Sunday, March 23, 2008

Beef and Potato Stroganoff

I got this recipe from the Oct 2006 issue of Everyday with Rachael Ray. It was one of those that I clip out, store somewhere, and forget about for a year or two until I stumble across it and think, "Wow, I should make this..."

So tonight, I did.

It was just "ehh." It was super easy to make, so it would be a great weeknight meal, but I just wasn't all that impressed with it. Perhaps it would have tasted better if I used actual beef or sirloin rather than the turkey.

  • 4 large russet potatoes (about 3lbs)
  • 2 tablespoons unsalted butter
  • 1 pound assorted mushrooms
  • 1 tablespoon onion powder (I chose to use an actual onion.)
  • 2 teaspoons garlic powder (See above - I used a couple of cloves of garlic.)
  • 1/2 cup heavy cream
  • 1 lb lean ground beef
  • Salt and freshly ground pepper
  • 1/2 cup sour cream at room temperature
  • Snipped chives, for garnish

1. Pierce the potatoes all over with a fork and microwave on high until cooked through, about 9 minutes. (Mine took almost 20!).

2. In a large skillet, heat the butter over medium-high heat, add the mushrooms and cook until golden, about 10 minutes. Stir in the onion powder, garlic powder and 3/4 cup water (I used beef stock.) and boil to reduce the liquid by half, about 2 minutes; stir in the heavy cream and remove from the heat.

3. In a medium saucepan, brown the ground beef over high heat, about 5 minutes. Remove with a slotted spoon and add to the mushroom mixture; season to taste with salt and pepper.

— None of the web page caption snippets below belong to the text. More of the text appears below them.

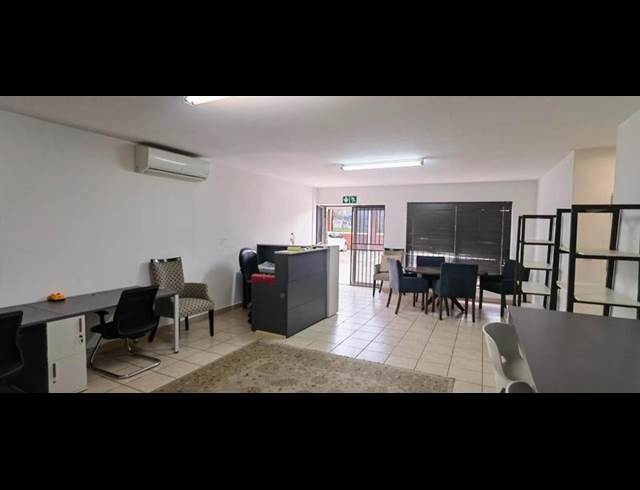 INDUSTRIAL PROPERTY TO RENT IN N4 GATEWAY INDUSTRIAL PARK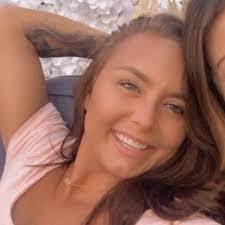 Belinda Akridge's Instagram, Twitter & Facebook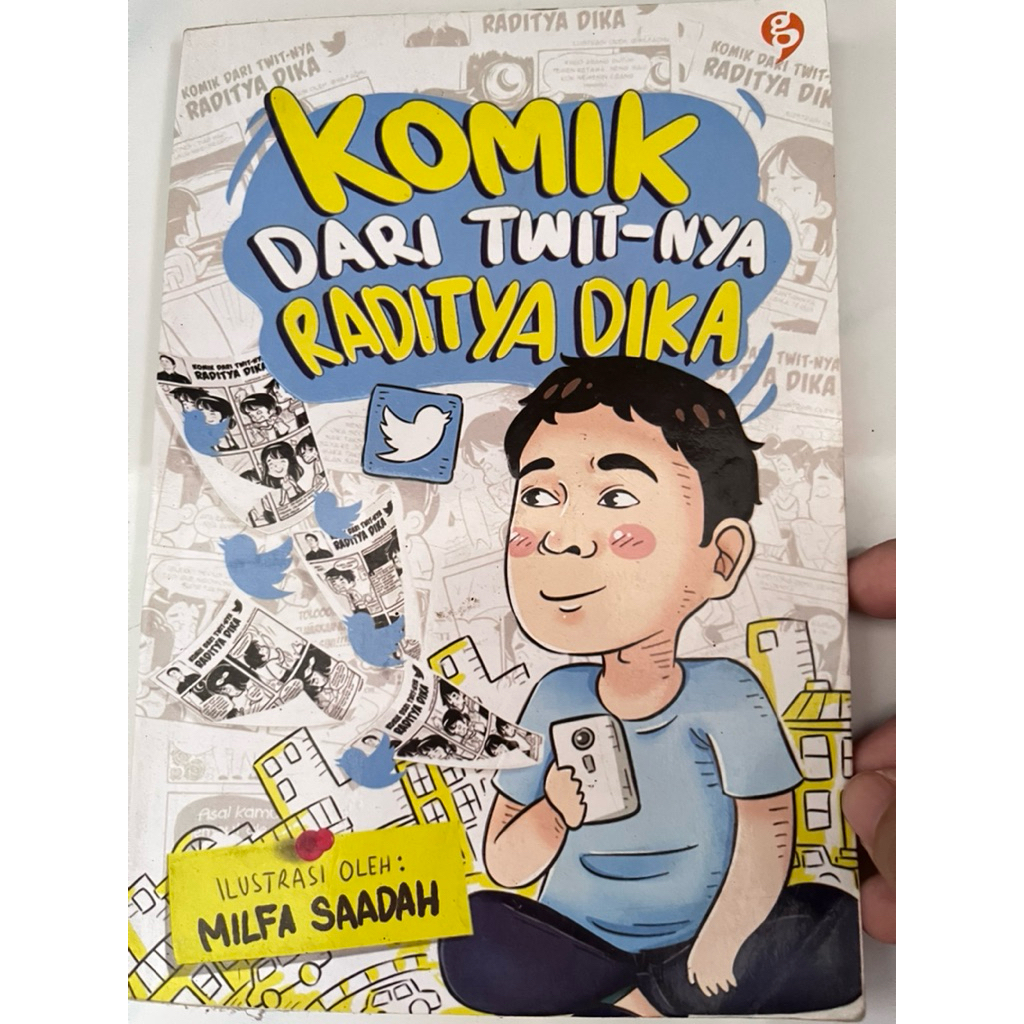 (prelove) buku komik dari twitnya raditya dika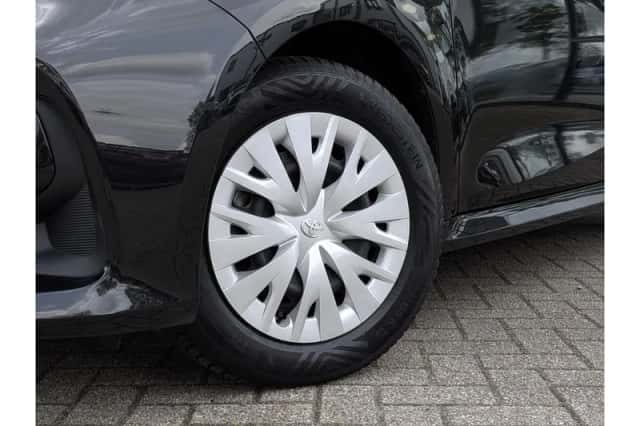 Toyota Yaris (2024) thumbnail 2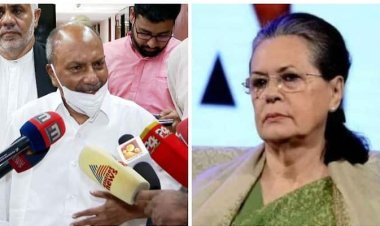 കോൺഗ്രസ് പ്രസിഡന്റ് തെരെഞ്ഞെടുപ്പ് ദില്ലിയിൽ നിർണായക കൂടിയാലോചനകൾ, എ കെ ആന്‍റണി സോണിയ ഗാന്ധിയെ കണ്ടു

Slice one-third off the top of each potato and chop the tops. Using a spoon, hollow out each potato, leaving a thick wall. In a microwavable bowl, mash together the chopped potato, potato centers and sour cream. Season with salt and pepper and reheat in the microwave.

Return the beef and mushroom mixture to a simmer. Stuff the hollowed potatoes with the beef mixture and top with chives. Serve with the mashed potatoes.